One common sentiment floating around the subreddits is that the match density is problematic. If you cram six or seven marquee matches onto one card, you’re basically signaling that the undercard matches are just bathroom breaks. The concern about long-term health is also front and center. Fans are terrified that a botched transition or a poorly timed bump in the main event will end a wrestler's career three months into a push.
Why the math doesn't always work for the fans
The contrarians are the funniest group here. They don’t care about the wrestling quality; they care about the business viability of a show that requires casual viewers to have a subscription to two distinct streaming services just to understand why a guy from Tokyo is holding a chair. They’re pointing out that in the current climate, nobody has the time to watch ten hours of tape study before a pay-per-view.
My take? The skeptics have the stronger argument here. Wrestling fans are burning out. You can only demand loyalty to multiple companies for so long before the average viewer decides to just check the highlights on social media the next morning. The card looks impressive on paper, sure, but a roster that can’t sustain its own internal narrative for six consecutive weeks shouldn't be gambling on high-stakes dream matches.
The booking reality check
Let’s talk about the specific match layouts. We’re hearing noise about a potential multi-man scramble that supposedly puts 12 wrestlers in the ring at the same time. If you think that sounds like a chaotic mess, you’re not alone. The last time a major promotion tried that, it ended with a concussed performer and a lot of confused fans wondering who actually took the pin.
There’s also the nagging issue of recent history. If the booking team can’t manage a clean finish on a standard Wednesday night, what exactly gives them the confidence they can pull off a technical masterpiece without the referee looking like a total clown for 30 minutes? It isn't just about the athleticism; it’s about the logical flow of the match.
The best wrestling shows offer a balance of high-speed technical spots and genuine stakes. If the only hook for Montreal is that these guys have never wrestled each other before, that won’t carry the show for three hours.
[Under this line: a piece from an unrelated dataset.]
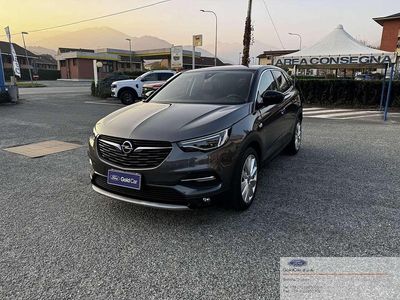 Usata Opel Grandland X 131 CV (96 kW) 2020 Grigio SUV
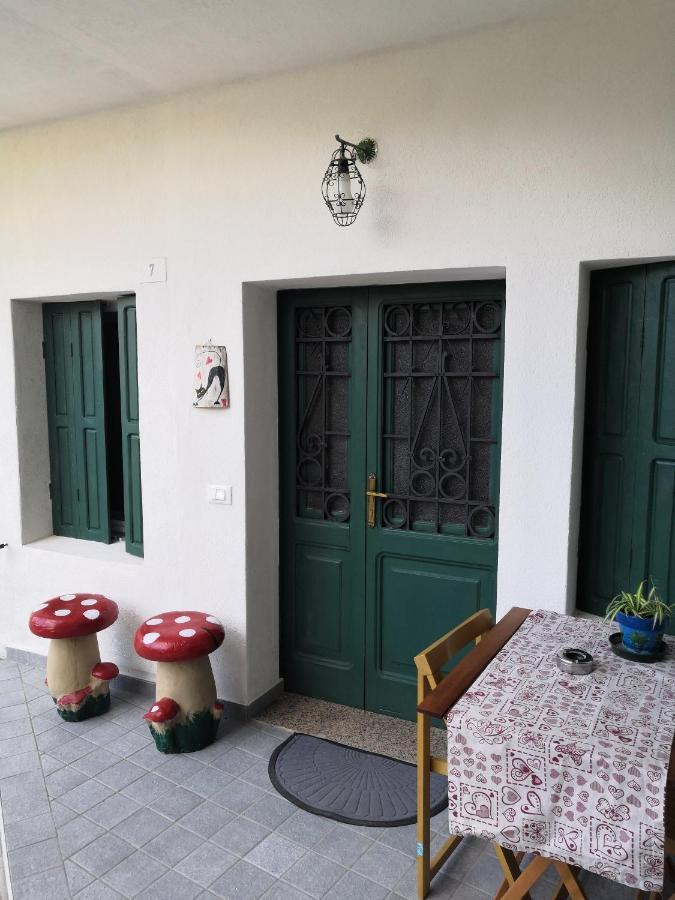 Appartamento Amaro Buitenkant foto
We need characters, not just a compilation of clips for a highlight reel. If the promo work in the lead-up to the June 27 event doesn’t improve, that Bell Centre crowd might be sitting on their hands for the mid-card segments.
Ultimately, Forbidden Door is a gimmick that is slowly losing its shine. When every cross-over feels like a massive deal, the spectacle is unmatched. When it happens every year with the same rotating cast of characters, it starts to feel like a procedural crime drama where you already know who dies in the first act. I’ll watch for the work rate, but I’m keeping my expectations grounded in reality.